Jessell: At that time most biotechnology research had really used molecular cloning as a major impetus to the generation of biopharmaceuticals. Genentech with t-PA, and Amgen with erythropoietin (EPO), are good examples. Those are not so dissimilar. t-PA is tissue plasminogen activator. It is a very successful Genentech product for immediate treatment of heart attacks. EPO is used in a variety of different conditions. Those companies essentially took a factor that was suspected of being involved in a disease, and cloned it. I think what we wanted to do is stay more closely wedded to the developmental process and understand an entire program of differentiation, rather than supplying one factor that ameliorates a particular condition.

: Can you give us an example of how understanding the developmental process might lead to a therapy?
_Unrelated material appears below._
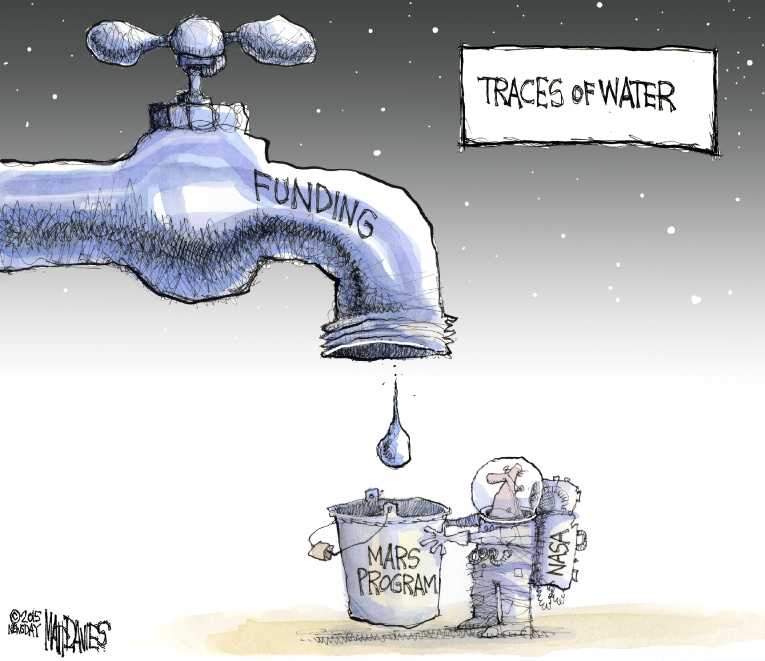 Political/Editorial Cartoon by Matt Davies, Journal News on Water on Mars!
Jessell: Probably the best example, and one that has a high probability of coming to practical fruition in the context of Ontogeny, is in the case of pancreatic differentiation and its applicability to diabetes. Diabetes clearly depends on the production of a single protein insulin from pancreatic BETA cells. Despite the availability of insulin by injection, it turns out that the long-term prognosis for diabetics is not so great because it is very difficult to stabilize the concentration of insulin through injection. If one could understand developmentally the mechanisms that control the generation of BETA cells, in the same way that one now understands, for example, the mechanisms that control motor neuron differentiation, then one might in principle be able to take a progenitor cell which exists even in the adult animal, expose it to the right combination of factors in the right regimen, and get that cell to turn into a BETA cell.    And so one can then think in a not-too-distant future about taking a BETA-cell progenitor cell, amplifying that cell so that you get a large stock of progenitor cells, and then exposing them to an appropriate differentiation signal that will turn them into BETA cells. The next step would be to use cell implantation methods to provide those cells as an endogenous source of insulin and thereby achieve a more stable glucose-insulin relationship.

: Doesn't this require that you have the necessary progenitor cells as well as the inducing molecules to differentiate them?
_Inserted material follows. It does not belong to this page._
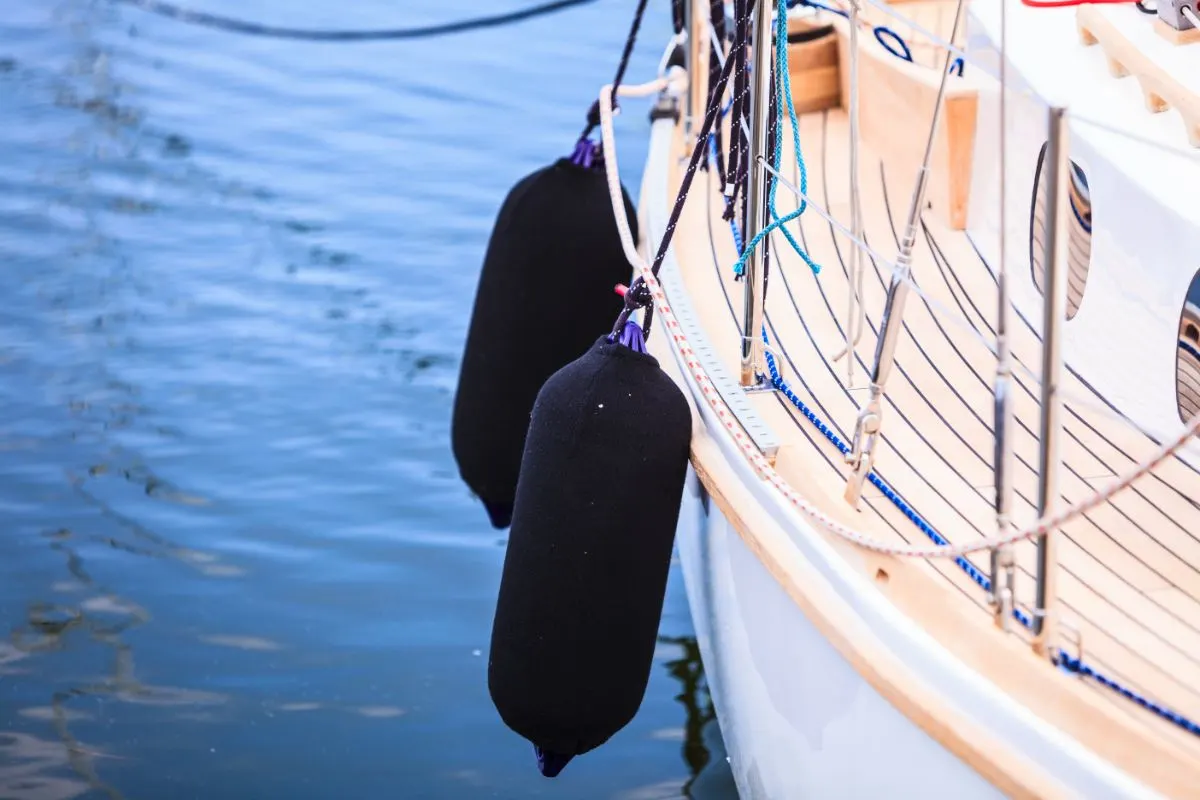 A photo of boat in water with cylindrical in a color black.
Jessell: There are two problems here, and this is an important distinction. There is no point in being able to take three adult progenitor cells and add a factor to get them to turn into BETA cells if the end result will be something like three BETA cells—such a small quantity is not going to be enough to do anything for anybody. So there are two steps to the process: one is to find a cell that has proliferative division capacity and then expand that cell, using the one cell to generate a hundred million cells, each of which retains the ability to respond to the inducing signal to turn into BETA cells. The second step is to make those cells do what you want them to do.    And so the stem-cell companies are now focusing on how to make a lot of these cells in the hope that once they’ve made them, something is going to come along and get the cells to differentiate. Whereas at Ontogeny, at least initially, we’re working to understand the process of getting a stem cell to do what we want.